In einem Artikel zu diesem Thema, der schon vielen geholfen hat, deren Schmerz noch frisch war, schreibt Mary Baker Eddy, die die Christliche Wissenschaft
Christian Science (kr’istjən s’aiəns) entdeckte und gründete: „Gott allein gehören die unbestreitbaren Wirklichkeiten des Seins an. Der Tod ist ein Widerspruch zu Leben oder Gott; daher steht er nicht in Einklang mit Seinem Gesetz, sondern ist diesem entgegengesetzt.. . Eine materielle Vorstellung vom Leben beraubt Gott, indem sie erklärt, daß Gott nicht allein Leben sei, sondern daß etwas anderes auch Leben besitze — und so behauptet sie die Existenz und Herrschaft mehrerer Götter, nicht nur des einen Gottes. Diese götzendienerische und falsche Vorstellung vom Leben ist alles, was stirbt oder zu sterben scheint.
Das entgegengesetzte Verständnis von Gott bringt Leben und Unsterblichkeit ans Licht. Der Tod besitzt keine Eigenschaft des Lebens; kein göttlicher Machtspruch fordert von uns, an etwas zu glauben, was Gott unähnlich ist, oder zu leugnen, daß Er ewiges Leben ist.”Die Einheit des Guten, S. 38.
Das augenscheinliche Ende des Lebens ist ein Widerspruch zu dem, was wir im Grunde unseres Herzens als wahr empfinden; es kann niemals unsere Zustimmung finden; im Gegenteil, wir bekennen uns selbst zu den geringsten Zeichen von Leben und Liebe. Man könnte sagen, daß die Melodie des Lebens tief in unser Sein eingemeißelt ist. Sie veranlaßt uns, freudig zu singen, wenn scheinbar kein Grund zur Freude vorhanden ist. Sie erklärt uns immer wieder, daß es in unserem Leben viel mehr gibt als Anfang und Ende oder völlige Abhängigkeit von einem materiellen Lebensgefühl.
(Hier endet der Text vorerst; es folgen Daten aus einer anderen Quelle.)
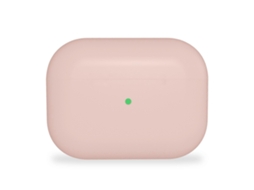Capa protetora ultrafina de silicone líquido para smartphones Apple AirPods Pro GIECY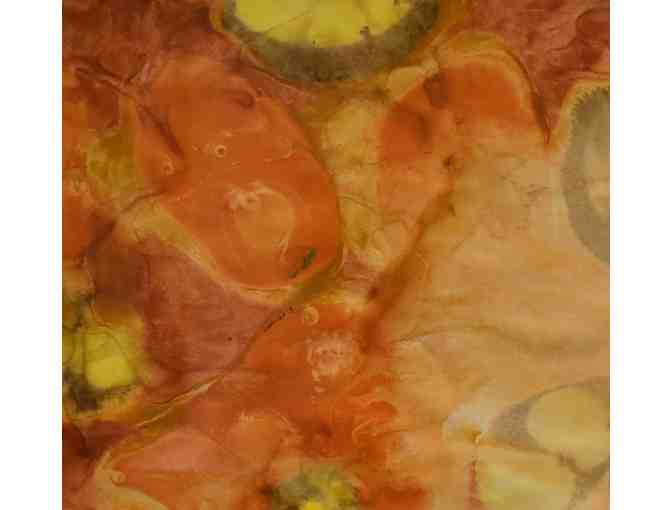 'What do you see?' by Carol McMahon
Vor vielen Jahren besuchte ich ein paar Tage nach dem Tode meines Vaters ein Konzert in der Schule unserer Kinder. Ich erinnere mich, daß ich gegen Ende der Aufführung nach draußen ging und mich auf einen Hang neben der Schule setzte. Ich dachte an meinen Vater und hörte den Rest der Kinder in der Nacht verklingen. Die Darbietung eines Chores der vierten Klasse klang trotz falscher Töne sonderbar schön unter dem Sternenhimmel an jenem Juniabend. Sie schien in gewisser Hinsicht wie die Melodie des Lebens. Ich erinnere mich, daß ich das Gefühl hatte, daß sie tausendmal mächtiger und sinnvoller war, als der Tod es jemals sein konnte.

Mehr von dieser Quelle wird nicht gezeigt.